Both musicians went on to have fruitful careers: Dawson has released eight punk, lo-fi solo albums, including one of Children’s (2008’s Alphabutt), while Green has released 11, made visual art and directed 2011’s The Wrong Ferarri, a bizarre scrub film that he wrote while high on ketamine. “We definitely went in opposite directions,” he notes.
The Moldy Peaches’ big break actually came years after their split, when Dawson was hired for the soundtrack to 2007’s smash romantic comedy Juno. Anyone Else But You got a second wind as the de facto odd-couple love song; a version sung by the film’s stars, Elliot Page and Michael Cera, charted on the Billboard Hot 100 and was even covered by Carla Bruni – then the first lady of France – on French TV. Green was initially surprised that so many people could relate to their quirky universe, most of which was recorded when he was still a teenager. “It’s a bit smellier and rougher and more inaccessible than, say, the world of (Stroke’s debut album) Is This It?, which is very easy to like,” he says.
But that’s exactly why it has such universality: it’s a quintessential teenage album, tacky and crammed with the kinds of hyper-specific lyrics so common in pop music today, but with deep feelings that cut through the details. Often they would sing different lines over each other, introspection going toe to toe with ego, or trying to make you laugh during poignant, painful moments, like when the phone goes off in Nothing Came Out.
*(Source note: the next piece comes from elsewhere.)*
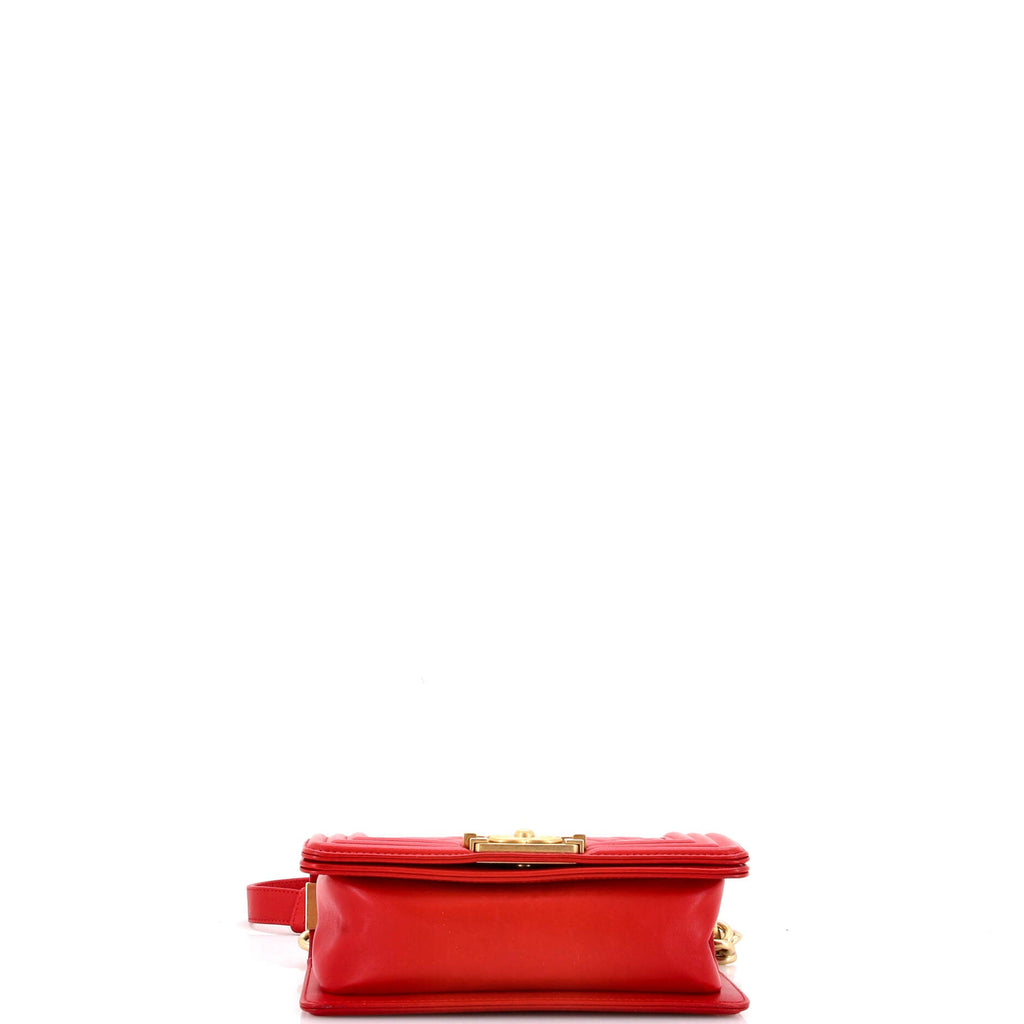 Boy Flap Bag Quilted Lambskin Small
It’s a wolf in rabbit’s clothing. “We showed contradictory ideas rubbing up against each other to disarm people,” says Green. “Some parts of the lyrics are tender and the others are quite psychedelic and brutal.”
They’re sensitive to how these lyrics might be perceived today, and for their 20th anniversary reissue in 2018, they edited out an ableist statement on NYC’s Like a Graveyard. “We weren’t deliberately trying to hurt any marginalized communities, it was just a different time,” says Dawson. Another of their songs – and one of their best – is a happy singalong called Who’s Got the Crack, with the couplet: “I like it when my hair is poofy / I like it when you slip me a roofie”. “There were jokes about things that wouldn’t be joked about now, and that doesn’t make it OK. But I think we could still write awesome songs. I can be pretty rough without being offensive.”
“I don’t know what it would be like to start Moldy Peaches now,” says Green. They existed in an unselfconscious era, before the internet, where they “were allowed to tour and not feel like we were under surveillance” and where social media hadn’t vaporized individualism into a “traditional” and more unified mass. They didn’t think about how they would be perceived at the time, but there weren’t many visible black female punks in music back then, and Dawson says now that countless people tell her she gave them “permission to be a weird kid”.
Singing her teenage self again, back on stage in a few weeks, will be like “emotional time travel,” Green says. And while those DIY costumes may be a bit upgraded—there’s talk of 3D printing and vehicular clothing—their songs have stood the test of time. “They feel very similar to me,” says Dawson, “they’re special little gems that I love. The only difference is I don’t give a damn what some indie boy thinks of me.” She laughs. “Now I’m like, God, those guys are so sneaky.”